● **ABOUT THIS EXERCISE**
Can you transcribe the data exactly? Leave the pictures out.

● **COLLECTED DATA**
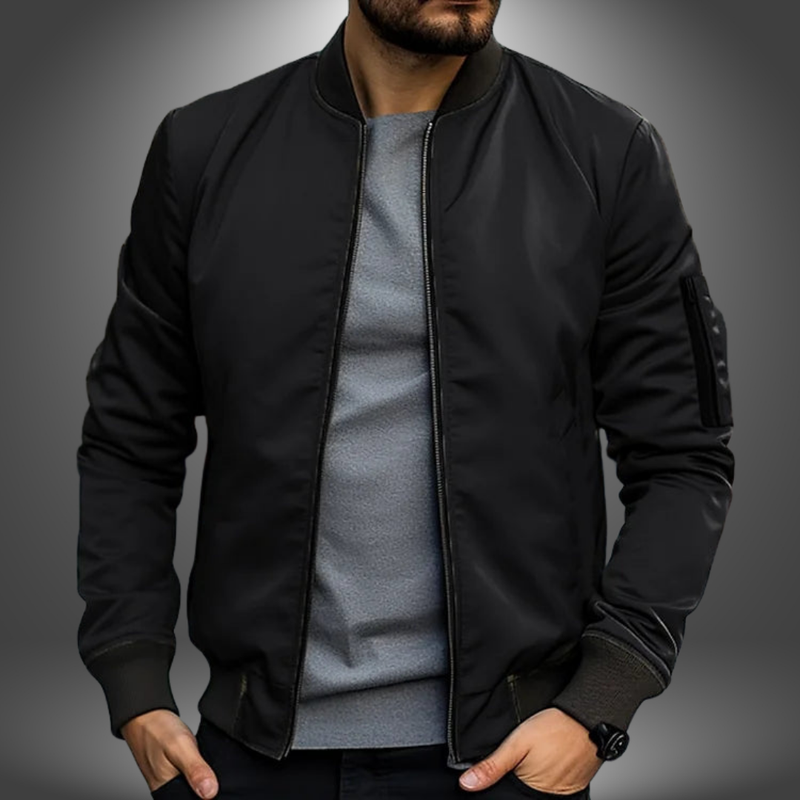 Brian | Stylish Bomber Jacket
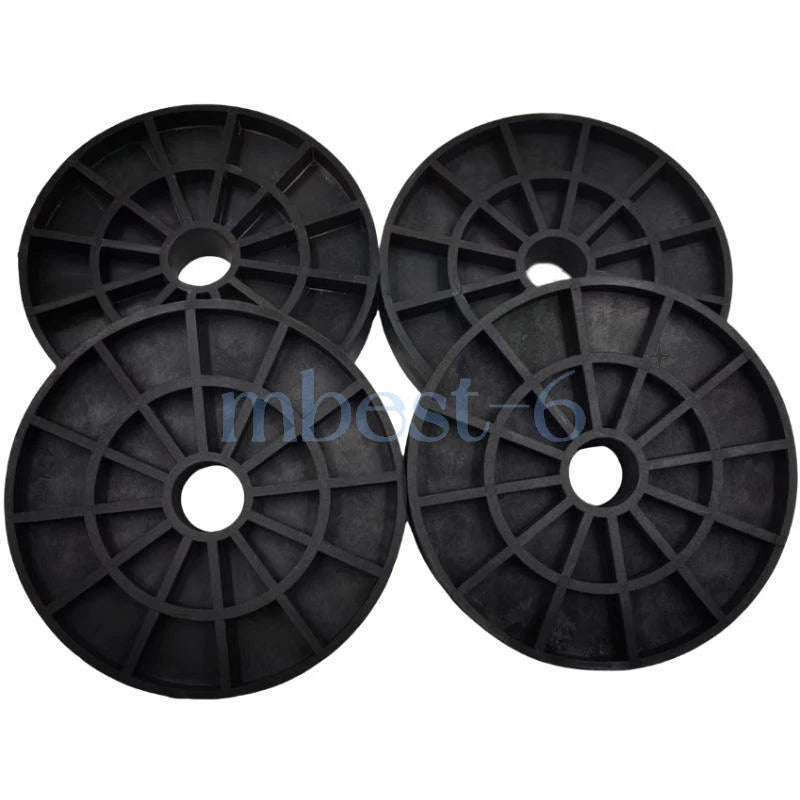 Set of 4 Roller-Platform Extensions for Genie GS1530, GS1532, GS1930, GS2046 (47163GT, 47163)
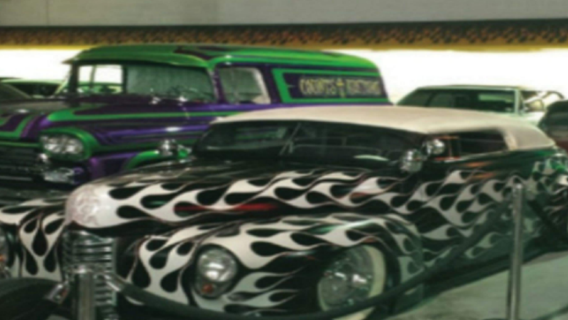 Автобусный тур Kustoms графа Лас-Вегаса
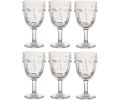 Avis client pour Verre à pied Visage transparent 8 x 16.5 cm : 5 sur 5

● **EXERCISE OUTPUT**
 Brian | Stylish Bomber Jacket
 Set of 4 Roller-Platform Extensions for Genie GS1530, GS1532, GS1930, GS2046 (47163GT, 47163)
 Автобусный тур Kustoms графа Лас-Вегаса
 Avis client pour Verre à pied Visage transparent 8 x 16.5 cm : 5 sur 5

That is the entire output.